Sério, coisa séria seria para já o Governo comprometer-se, quanto antes e não à espera de 2009, a devolver às regiões ou a partilhar com sageza os poderes desconcentrados ou descentralizados colocando-os em mãos que as regiões aceitem e desejem, para isto não sendo critério absoluto o da naturalidade mas o do conhecimento dos interesses e a identificação com os anseios das regiões. E além disso, agilizando instituições já existentes para o escrutínio do exercício desses mesmos poderes e respectiva tutela.

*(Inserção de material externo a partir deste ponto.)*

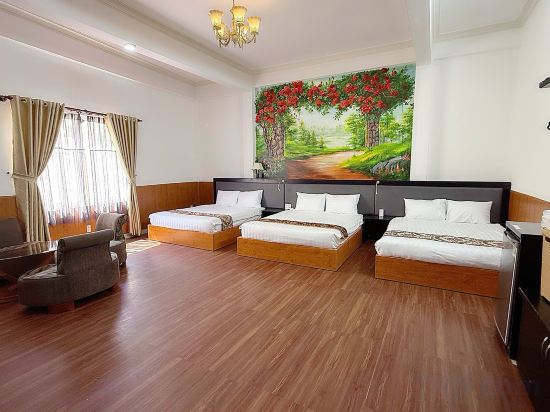 Фото Lilly Hotel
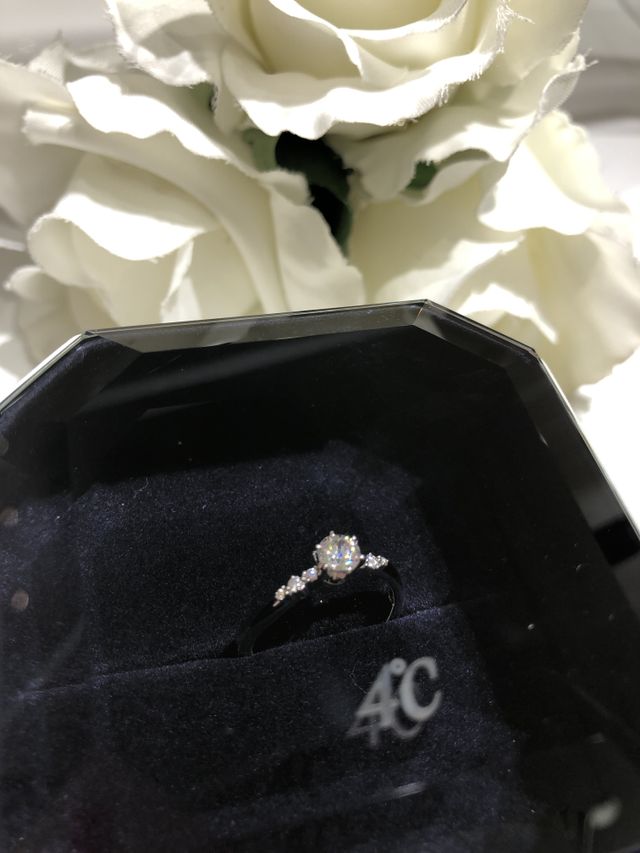 結婚指輪とのセットリングで素敵なものを選んでもらいました。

Seria bom que o Governo desse provas de querer preparar-se para a regionalização desta forma, e, para já, no Algarve que, como o mundo sabe, é um excelente sítio para quem não é algarvio ou com o Algarve não se identifique (mais isto), passar férias e fazer negócios…

Carlos Albino

Flagrante pergunta: O mar não vai subir no Algarve? Quanto subirá pela certa até 2050? Quem irá pagar os diques pelas asneiras de hoje?